Cytologically, GISTs can be classified into 2 broad categories: spindle cell GISTs and epithelioid GISTs. Spindle cell GISTs are characterized by a nuclear palisading or prominent perinuclear vacuolization pattern. Epithelioid GISTs may have either a solid pattern or a myxoid pattern, with a possible compartmental pattern. Although GISTs can differentiate along either or both cell types, some show no significant differentiation at all (Pidhorecky, 2000; DeMatteo, 2000; Miettinen, 2001).

The number of mitotic figures present can be used to histologically grade GISTs. Unfortunately, no standard exists for their classification. In general, GISTs with less than 1 mitotic figure per 50 high-powered fields (HPFs) are correlated with benign behavior. A finding of 1-5 mitoses per 10 HPFs suggests potential malignancy. A finding of more than 5 per 10 HPFs indicates malignancy. A finding of more than 10 per 10 HPFs denotes high-grade malignancy (Pierie, 2001; Pidhorecky, 2000; Miettinen, 2001).
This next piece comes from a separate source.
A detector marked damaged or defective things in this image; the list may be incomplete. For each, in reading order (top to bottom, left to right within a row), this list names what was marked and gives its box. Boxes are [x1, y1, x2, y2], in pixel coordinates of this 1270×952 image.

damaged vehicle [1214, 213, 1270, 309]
Although GISTs can be suggested radiologically or histologically, the diagnosis must be made immunochemically. Independent of location, most GISTs express the CD34 antigen (70-78%) and the CD117 (72-94%) antigen. The CD34 protein is a hematopoietic progenitor cell antigen that occurs in a variety of mesenchymal tumors. CD117 also is known as the c-kit protein; it is a membrane receptor with a tyrosine kinase component. Mutations in the CD117 gene have been linked to malignant behavior in GISTs (Miettinen, 2001; Miettinen, 2000; Lasota, 1999; Tazawa, 1999; Pidhorecky, 2000).
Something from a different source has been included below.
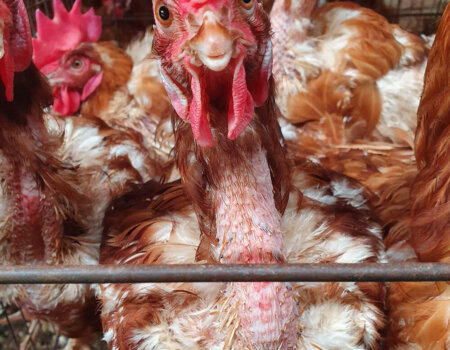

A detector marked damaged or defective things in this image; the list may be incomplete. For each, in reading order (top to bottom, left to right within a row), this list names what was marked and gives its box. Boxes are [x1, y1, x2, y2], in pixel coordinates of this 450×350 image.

rusty metal wire [0, 262, 448, 284]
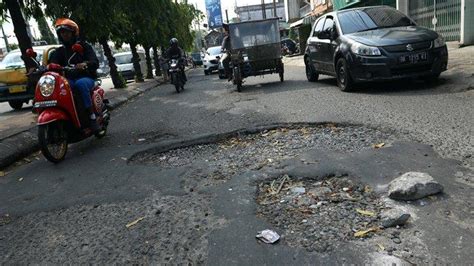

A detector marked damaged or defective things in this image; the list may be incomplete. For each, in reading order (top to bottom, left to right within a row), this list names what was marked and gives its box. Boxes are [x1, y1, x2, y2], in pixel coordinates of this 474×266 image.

As noted previously, some authors specifically use the term GIST to refer to only those mesenchymal tumors that express CD117, whereas others believe that the diagnosis can be made in the absence of CD117 positivity on the basis of clinical and morphologic features (Nishida, 2000; Miettinen, 2001; Berman 2001). Recently, some GISTS without the KIT mutation have been found to express a mutation in another tyrosine kinase receptor gene, the PDGFRa gene. This gene encodes the platelet derived growth factor receptor (alpha receptors) tyrosine kinase protein (Tamborini, 2004; Joensuu, 2004).
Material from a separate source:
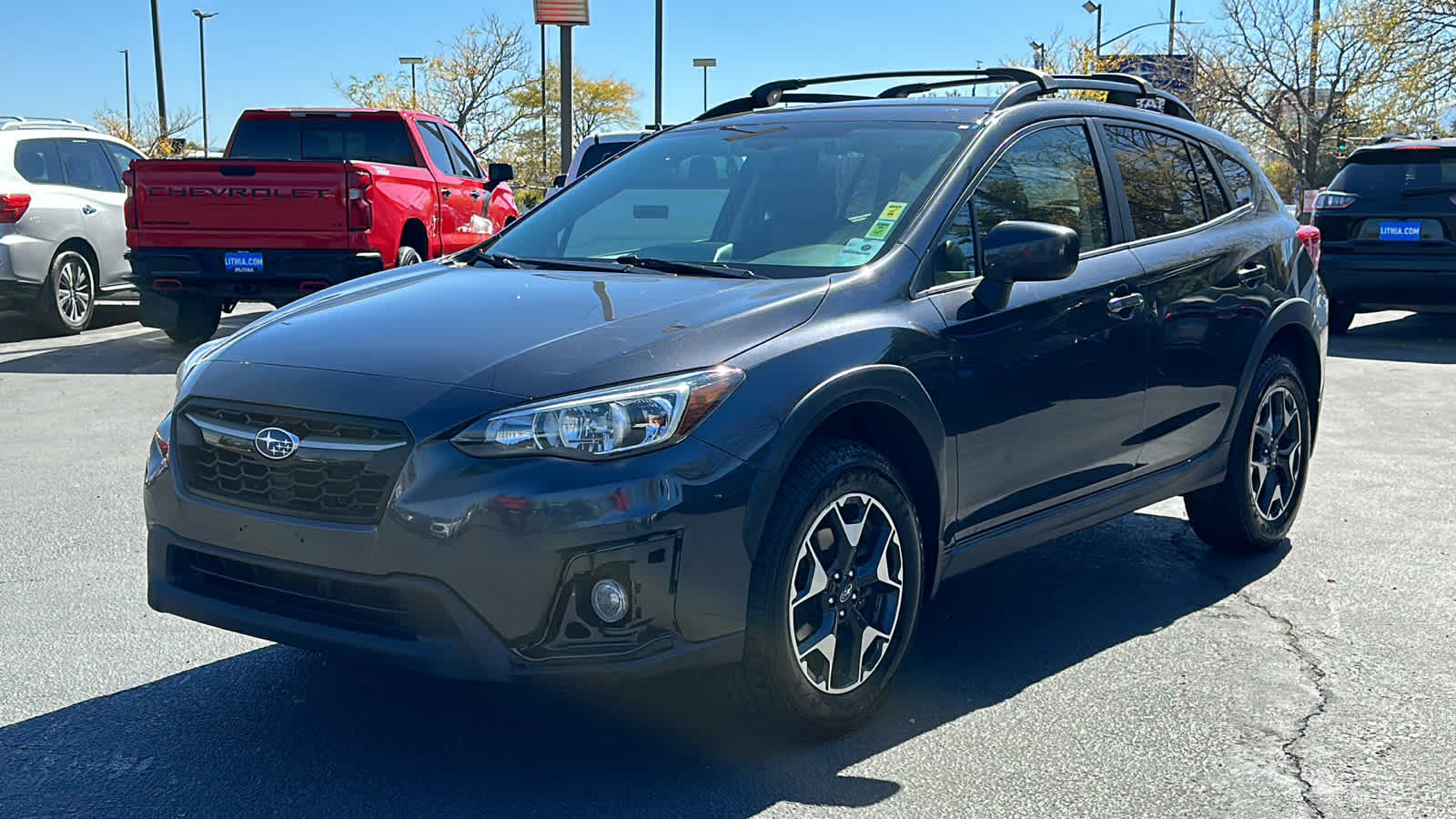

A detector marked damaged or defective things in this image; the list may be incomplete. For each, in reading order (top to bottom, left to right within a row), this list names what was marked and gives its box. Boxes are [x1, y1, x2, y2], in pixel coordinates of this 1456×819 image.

crack in asphalt [1170, 521, 1333, 815]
Interstitial cells of Cajal are GI pacemaker cells that regulate intestinal motility and peristalsis. A relationship between GISTs and Cajal cells has been proposed, because these are the only 2 intestinal entities to express both CD34 and CD117. Whether GISTs are Cajal cell tumors or whether they share a common progenitor cell is unknown (Sircar, 1999; Nishida, 2000; Miettinen, 2001).

Other markers that have been used in the evaluation of GISTs include desmin, actin, and S100. About 20-30% of GISTs express smooth muscle actin, only 5-10% express desmin, and as many as 10% of GISTs may have positive results with S100 (Miettinen, 2001). In contrast, true leiomyomas and leiomyosarcomas typically have positive results with desmin and actin but negative results with CD34 and CD117, although some leiomyosarcomas may contain isolated CD117 cells. This finding is in contrast to the generally global presence of CD117 in GISTs (Miettinen, 2001). Schwannomas typically have positive results with S100 and negative results with CD34 and CD117 (Miettinen, 2001; Lasota, 1999; Sircar, 1999; Miettinen, 1995).

About 10-30% of GISTs have malignant behavior (Nishida, 2000; Miettinen, 2001). A benign GIST cannot be conclusively diagnosed, because even small, histologically benign-appearing tumors may later demonstrate clinically aggressive behavior. Nonetheless, factors that are correlated with an improved prognosis include a gastric location, a diameter of less than 2 cm, a low mitotic index, and an absence of tumor spillage with complete gross resection.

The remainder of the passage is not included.